ピストン・ユニットのピストンは、シリンダ内部に配置され、シリンダ内部を、以下、ピストン・クラウン・チャンバとも略される、ピストン・クラウン作動チャンバと、ピストン・ロッド作動チャンバとに分離する。ピストン・クラウン・チャンバは、ピストンと、ここでは基底クロージャ部品として設計される第2のクロージャ部品との間に位置付けられる。ピストン・ロッド作動チャンバは、ピストン・ロッド側に、ピストンと、ここでは案内クロージャ部品として設計される第1のクロージャ部品との間に位置付けられる。したがって、少なくとも一方の作動チャンバは、ピストン・ロッド作動チャンバである。さらに、ピストン・クラウン作動チャンバは、さらなる作動チャンバを形成する。
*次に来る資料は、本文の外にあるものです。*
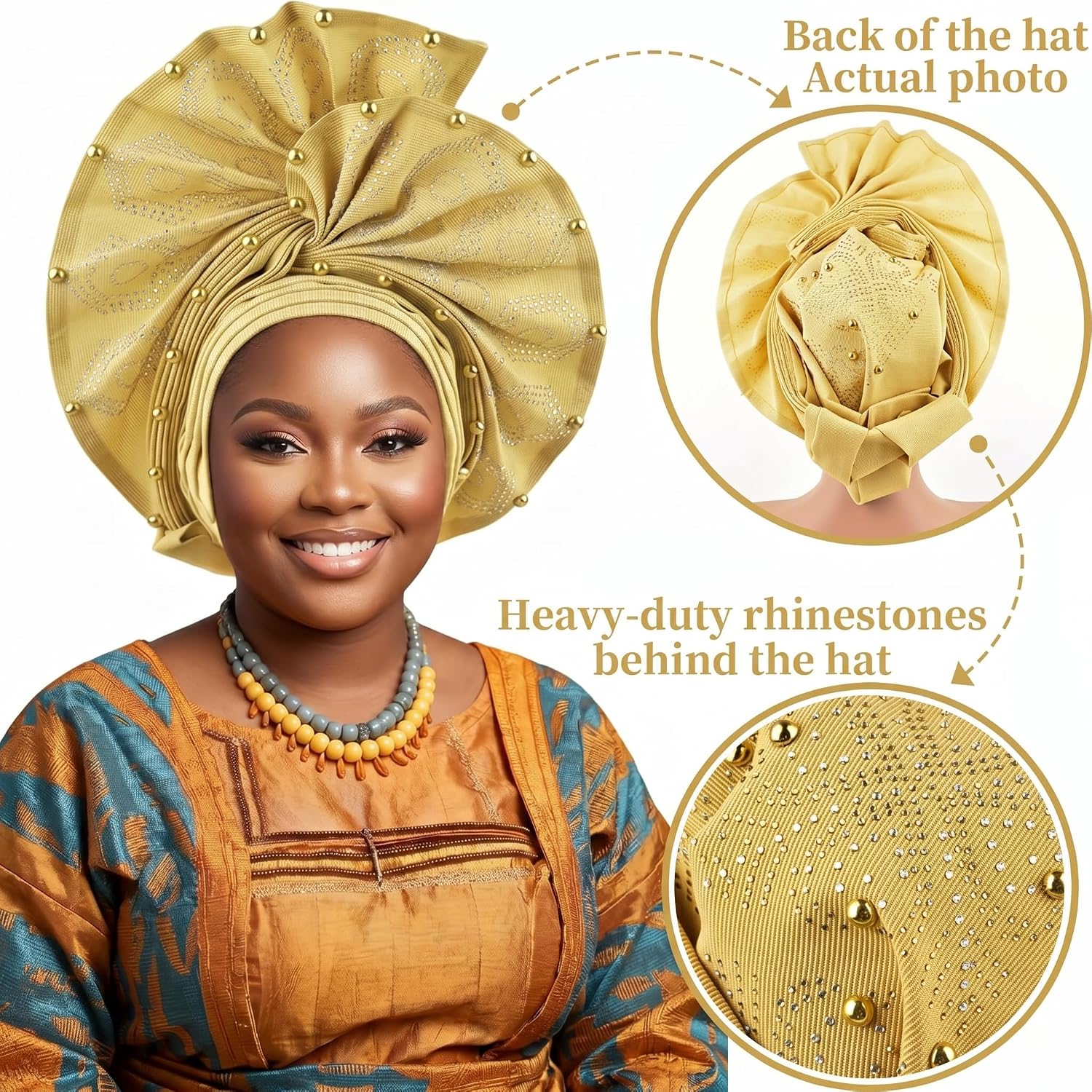 African Gele Head Wrap for Women, Nigerian Headpiece, Pre-Tied with Velcro, Beaded Turban Hat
ピストンは、ピストンの長手方向主軸及びシリンダ・チューブが互いに重なるようにシリンダ内部において軸方向に変位及び配置されることができる。
圧力媒体接続部は、作動圧力がピストン・クラウン作動チャンバ及びピストン・ロッド作動チャンバに印加されることができるようにシリンダに設けられる。
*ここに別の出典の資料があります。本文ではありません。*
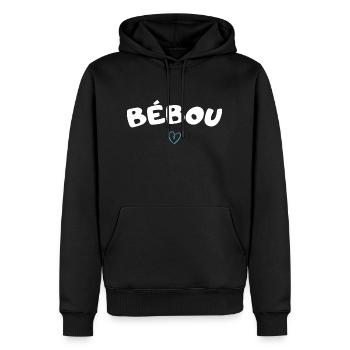 cadeau fete des peres pour bébou - Sweat à capuche Premium bio Homme - noir - Devant - Nico (187cm)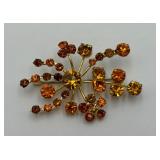 Nice Rich Amber Colored Stones Pin/Brooch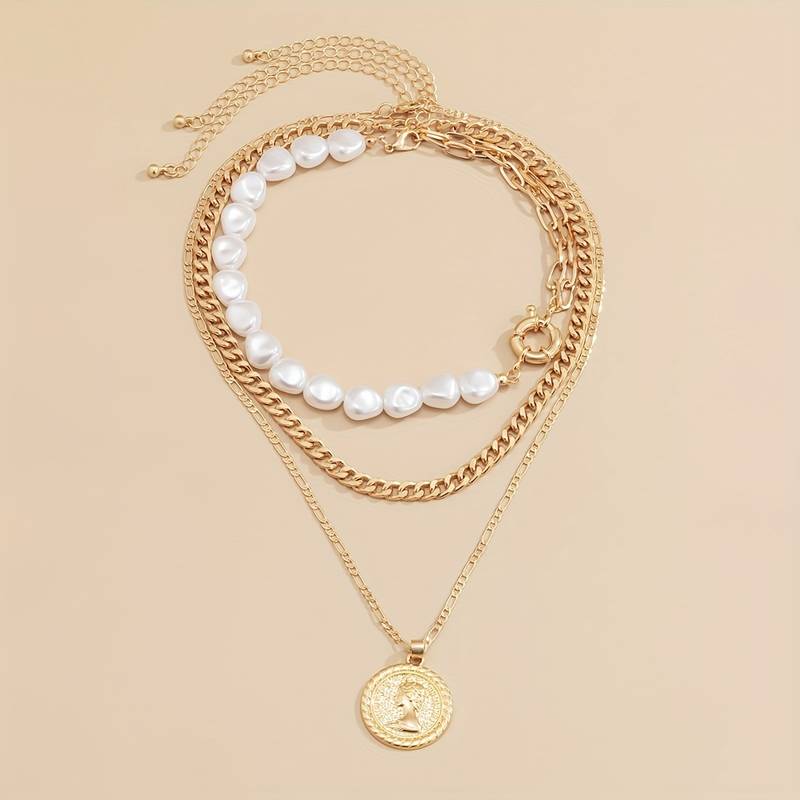 Collar de perlas y colgante vintage - 3pcs colgantes y collar de perlas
ピストンはさらに、種々のガイド、シーリング又はピストン・リングを有してもよい。作動シリンダのためのピストンの種々の実施例は、現行の技術水準からそれ自体既知である。
【0022】
本発明による作動シリンダは特に、クロージャ部品が双方とも、すなわち、例えば、差動作動シリンダの場合では案内クロージャ部品及び基底クロージャ部品が双方とも、シリンダ・チューブに溶接されることを特徴とする。
【0023】
この場合、第1のクロージャ部品は、第1の周方向レーザ・リング溶接シームによってシリンダ・チューブに接合され、第2のクロージャ部品は、第2の周方向レーザ・リング溶接シームによってシリンダ・チューブに接合される。以下、互いに結合される構成部材は、まとめて結合相手とも称される。
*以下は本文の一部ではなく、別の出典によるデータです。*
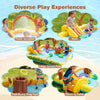 Animal spray pool with slide featuring a large splash area, trunk sprinkler, and climbing ramp for backyard fun.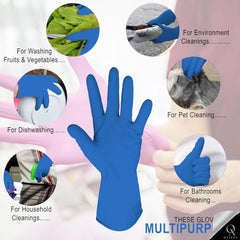 OyzekX Hand Gloves - Rubber gloves for cleaning - Gloves for Washing - Gardening Gloves - Dish Washing Gloves - Kitchen Gloves for Industrial Car Bathroom with 2 pcs cleaning rags (Free) (Blue)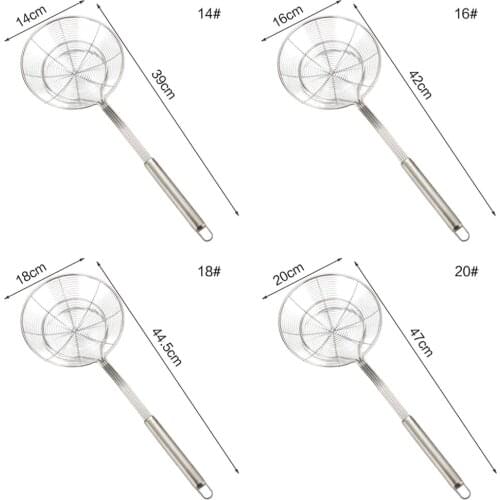 Spider Strainer Stainless Steel Skimmer Ladle Food Frying Spoon With Long Handle For Home Kitchen Fried Kitchen Restaurant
2つのクロージャ部品は、レーザ溶接によってシリンダ・チューブに接合される。レーザ・リング溶接シームは、溶加材を加えることなく生成される融接接合部である。
【0024】
好都合には、レーザ溶接は、非常に狭いテーパ状の溶接シームを形成する。略V字状のレーザ溶接シームの側方側面によって形成される鋭角は好ましくは、15度未満、特に好ましい設計では10度未満である。
【0025】
2つのレーザ・リング溶接シームのそれぞれは、流体密シーリング面を形成する。これは、圧力媒体がシリンダ・チューブと第1のクロージャ部品との間の結合点を通ることを第1のレーザ・リング溶接シームが防ぐとともに、シリンダ・チューブと第2のクロージャ部品との間に圧力媒体が通ることを第2のリング溶接シームが防ぐことを意味し、これは全て、シーリング・リングのようなさらなるシーリング手段の必要性がない。
【0026】
シリンダ・チューブ及びクロージャ部品並びに好ましくはピストン・ユニットもそれぞれ、金属合金、特に好ましくは鋼合金から作製される。しかしながら、個々の構成部材の材料組成は若干異なり得る。好ましくは、シリンダの金属合金の構成部材の質量比率は、クロージャ部品の質量比率と10重量パーセント未満だけ異なる。したがって、クロージャ部品及びシリンダ・チューブは、同様の物理的特性を有しており、特に十分にともに溶接されることができる。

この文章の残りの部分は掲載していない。